Masai Mara wildebeest migration – between mid-August and late October when the herds have returned from their months in Tanzania’s Serengeti.
Beach destinations – Year round
HOW TO GET THERE
Kenya’s International Airports: Kenya has three international airports; Jomo Kenyatta International Airport in Nairobi, Moi International Airport in Mombasa and Moi International Airport in Eldoret.
Getting to Kenya: These airports service numerous international carriers including the national airline Kenya Airways. Kenya has good connections to destinations throughout Europe, the Asia- Pacific region, USA and Africa.
POINTS OF INTEREST
One of the world’s most magnificent game reserves. Bordering Tanzania, the Mara is the northern extension of the Serengeti and forms a wildlife corridor between the two countries. It’s named after the statuesque, red-cloaked Maasai people who live in the park and graze their animals here as they have done for centuries. The park is famous for the Great Migration when thousands of wildebeest, zebra and Thomson’s gazelle travel to and from the Serengeti, from July through October.
North of Mombasa on the Kenyan coast, Malindi is a beach resort popular with European visitors. Thanks to its rich trading history, it too is a melting pot of cultures and cuisines. Part historic old town, part modern tourist hub, Malindi is where travelers come to bask in the sun on the white sands of Watamu Beach, dive the coral reefs of the Malindi and Watamu Marine National Parks, and soak up a dose of Swahili history in the historic town, dating from the 12th century.
The small island of Lamu, northeast of Mombasa, oozes old world charm. A UNESCO World Heritage Site, Lamu Old Town is Kenya’s oldest continuing inhabited settlement with origins dating back to the 12th century. Visiting here is like stepping back in time. Dhows plow the harbor, few (if any) motorized vehicles exist here, and donkeys still rule the streets as they have done for centuries.
Amboseli National Park:
Crowned by Mount Kilimanjaro, Africa’s highest peak, Amboseli National Reserve is one of Kenya’s most popular tourist parks. The name “Amboseli” comes from a Maasai word meaning “salty dust”, an apt description of the park’s parched conditions. The reserve is one of the best places in Africa to view large herds of elephants up close.
Tsavo National Park:
Kenya’s largest park comprises four percent of the country’s total area and encompasses rivers, waterfalls, savannah, volcanic hills, a massive lava-rock plateau, and an impressive diversity of wildlife. Midway between Nairobi and Mombasa, Tsavo East is famous for photo-worthy sightings of large elephant herds rolling and bathing in red dust.

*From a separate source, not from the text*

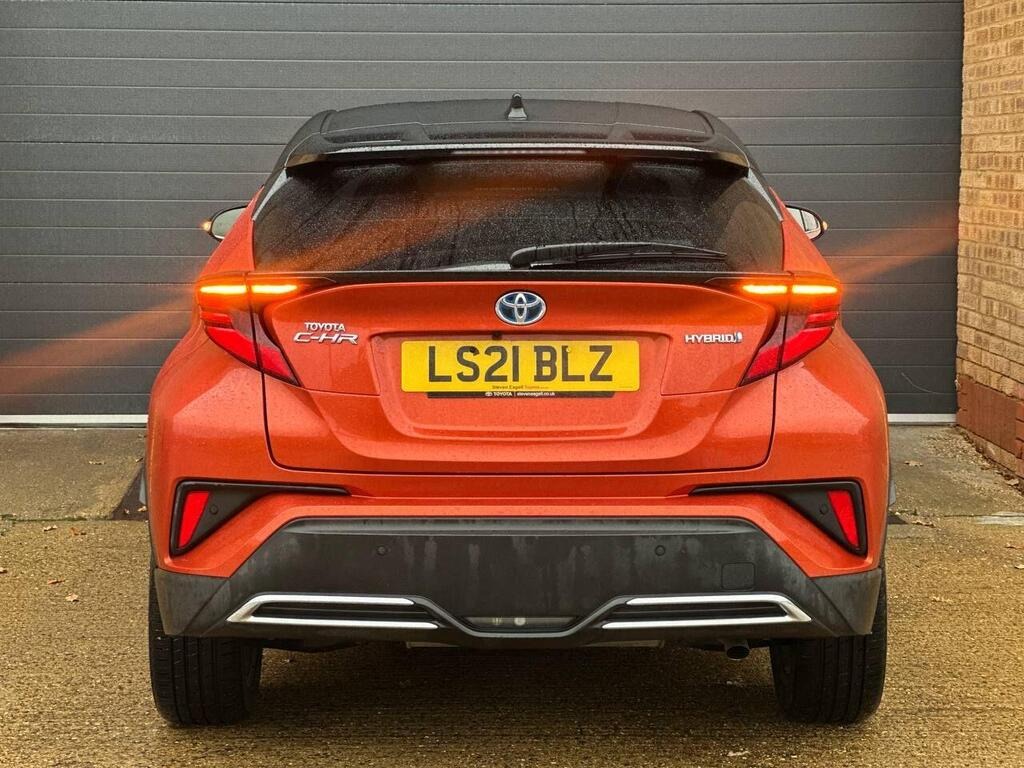 
								2021 Toyota C-HR 2.0 VVT-h Orange Edition CVT full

Mount Kenya & Central Highlands:
Formed by a series of volcanic eruptions, Mount Kenya is actually comprised of three glacier-cloaked peaks. The highest is Batian, although Nelion, the next highest, is a tougher climb. The lowest peak, Lenana, is considered the easiest climb, although unpredictable weather can pose challenges.

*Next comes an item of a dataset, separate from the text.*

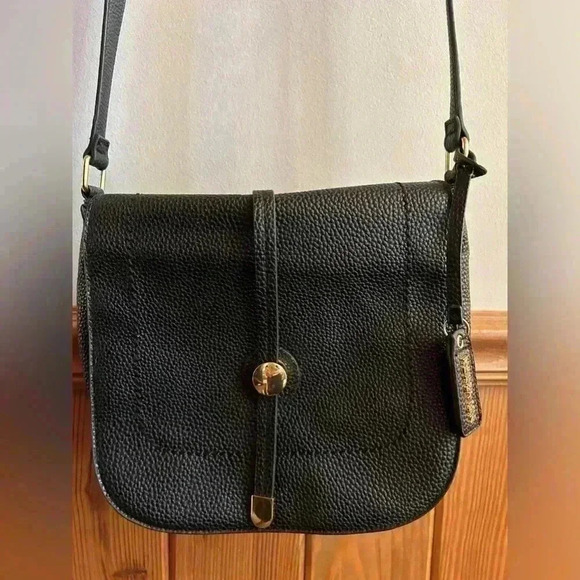 Kenneth Cole Reaction leather shoulder bag, gold accents - Picture 4 of 11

Lake Nakuru National Park: This Lake in Central Kenya, is famous for its huge flocks of pink flamingoes. The birds throng on Lake Nakuru itself, one of the Rift Valley soda lakes which comprises almost a third of the park’s area. Lions, leopards, warthogs, waterbucks, pythons, and white rhinos are just some of the animals visitors might see, and the landscapes range from sweeping grasslands bordering the lake to rocky cliffs and woodland.

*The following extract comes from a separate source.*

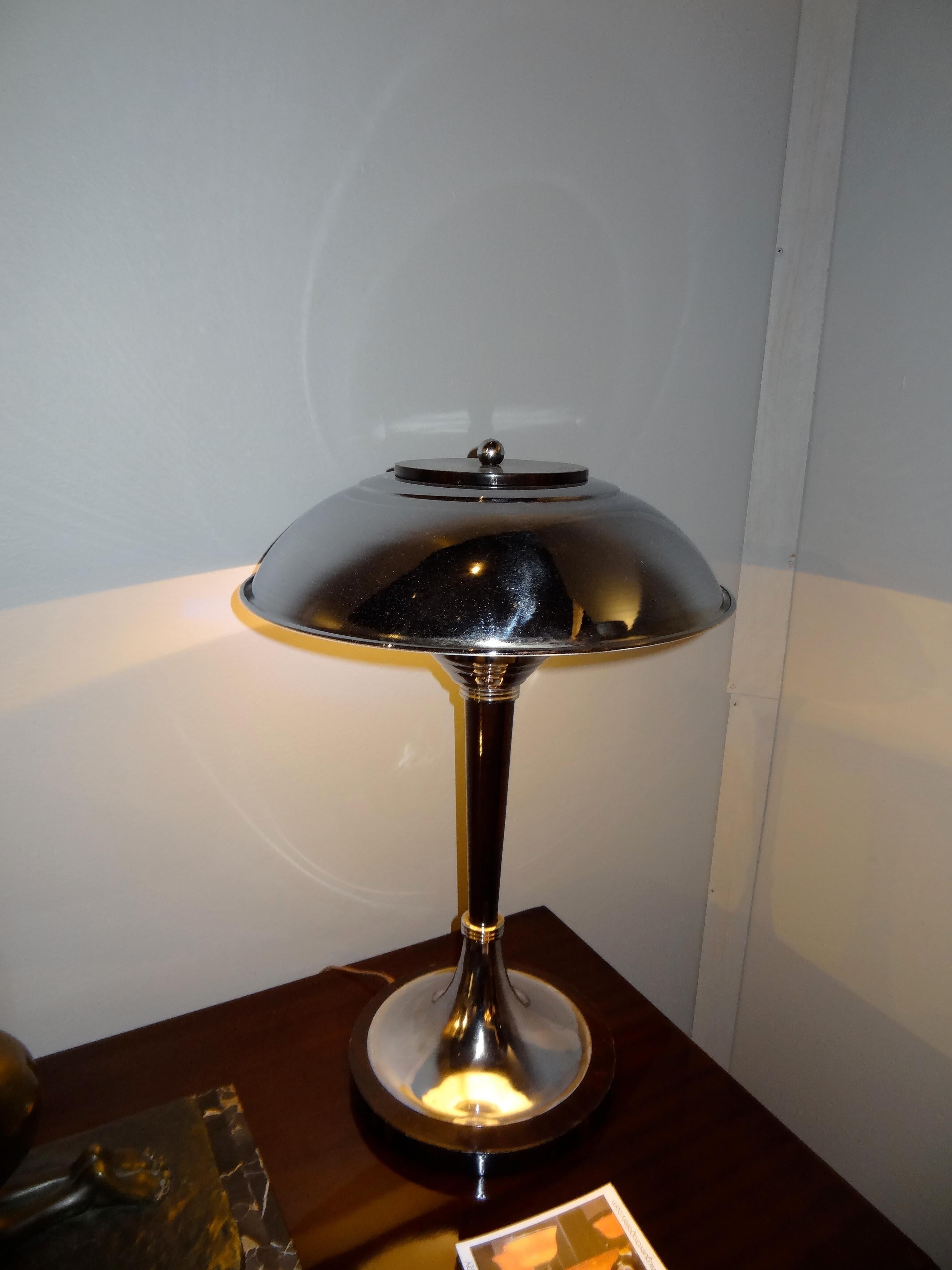 Pair of Art Deco Table Lamp in wood and chrome, 1920, France In Good Condition For Sale In Ciudad Autónoma Buenos Aires, C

Samburu, Buffalo Springs, and Shaba National Reserves:
On the banks of the palm-lined Ewaso Nyiro River, Samburu, Buffalo Springs, and Shaba Reserves lie in an arid region in the remote north of Kenya. Shaba National Reserve is one of two areas where George and Joy Adamson raised Elsa the lioness, made famous in the film “Born Free”. The wildlife in all three reserves depends on the waters of the river to survive, and many species are specially adapted to the parched conditions such as Grevy’s zebras, Somali ostriches, and gerenuks, the long-necked antelope that stand on two rear legs to reach the fresh shoots on upper tree limbs.
A haven for birders, Lake Naivasha lies at the highest point of the Great Rift Valley and has been known to shrink considerably in times of extreme drought. A flourishing floriculture industry in the area is also impacting water levels and quality. One of the best ways to view the wildlife is by boat. More than 400 species of birds have been spotted here, including African fish eagles. Hippos slosh in the water, and giraffes, zebra, buffalo, and eland graze around the edges of the lake.